Understand Your Credit Score Today!

Financial

October 25, 2021

A blackboard with a credit score level to help you understand your credit score

Whether someone plans to get a mortgage or finance a car, the process can seem a touch daunting — especially if they are unsure of their credit score. Take the time to understand your credit score so you are fully prepared for your future lending needs.

What Are Credit Scores?

A credit score is a number that third parties use to make a risk assessment. For example, if an individual has a high credit score, this means that the risk of lending them money is lower than the risk of lending to someone with a low credit score. This will be based on each individual’s credit history and ability to pay off debts.

In the United States, the most common scoring system is the FICO score. Ranging between 300 and 850, a FICO credit score determines the credit quality of the lendee.

For example:

  • Under 630 is considered poor
  • Between 630 and 690 is average
  • Between 690 and 720 is good
  • Above 720 is excellent

What Impacts Your Credit Score?

In terms of how a credit score works, consider the following variables:

  • Payment history (influences 35% of a credit score)
  • Debt burden (influences 30% of a credit score)
  • Length of credit history (influences 15% of a credit score)
  • Types of credit (influences 10% of a credit score)
  • Recent credit searches (influences 10% of a credit score)

Based on these components, the largest contributing factors are your payment history and overall debt burden. For example, say someone has struggled to make their payments month after month, these late payments will have a significant impact on the associated FICO score — especially if they are not paid within 30 days.

This is particularly true for trivial amounts that were otherwise forgotten. An example would be someone taking out a store credit card, paying $50 on that card and forgetting that they had opened it. Even if that individual showcases responsible payments across all other accounts, that missed $50 payment could dramatically hurt their score.

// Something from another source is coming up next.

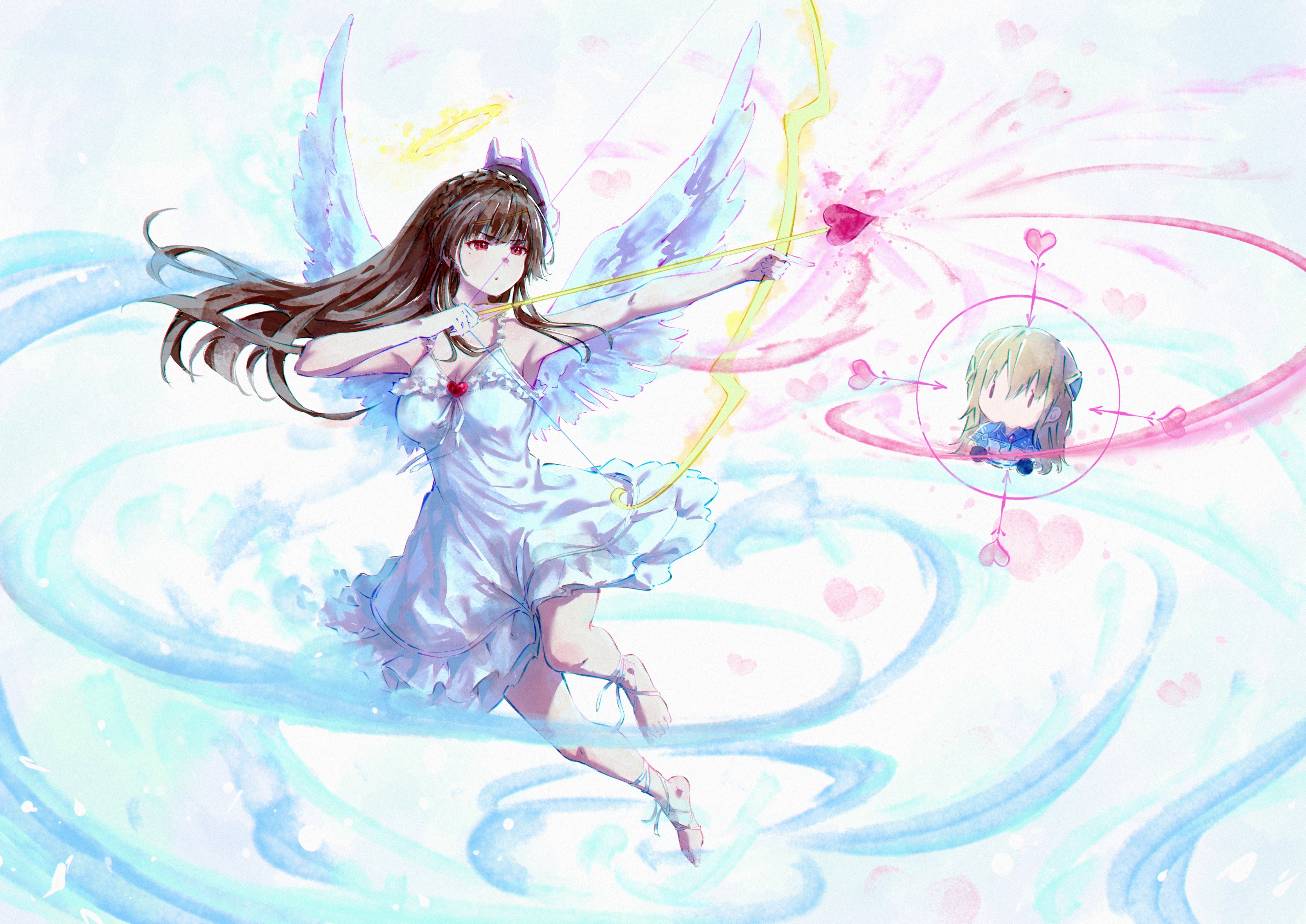 raito taisha, kiryuu miya, shirakawa yuina, heaven burns red, absurdres, highres, 1girl, aiming, angel, angel wings, ankle ribbon, arrow (projectile), bare arms, bare shoulders, barefoot, bow, bow (weapon), braid, breasts, brown hair, character doll, crown braid, doll, drawing bow, dress, feathered wings, frilled dress, frills, halo, holding, holding arrow, holding bow (weapon), holding weapon, leg ribbon, long hair, mask, mask on head, medium breasts, outstretched arm, red eyes, ribbon, sleeveless, sleeveless dress, solo, sundress, very long hair, weapon, white dress, white wings, wings, | |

Debt burden focuses on how much an individual owes, based on their debt-to-limit ratio, also known as credit utilization. A lower credit utilization means that your average balance is low compared to your total credit limit amount, which has a positive impact on your credit score. Carrying a balance that is more than 30 percent of your credit limit can harm your score.

In Summary

The single most important factor in developing and maintaining a good credit score is payment history. However, it is also important not to overlook other important factors such as the average age of accounts and the importance of having different types of credit (i.e. credit card, mortgage, car loan, student loan, etc.). Scores fluctuate based on your activity and balances, so it’s never too late to make positive changes and watch your score rise!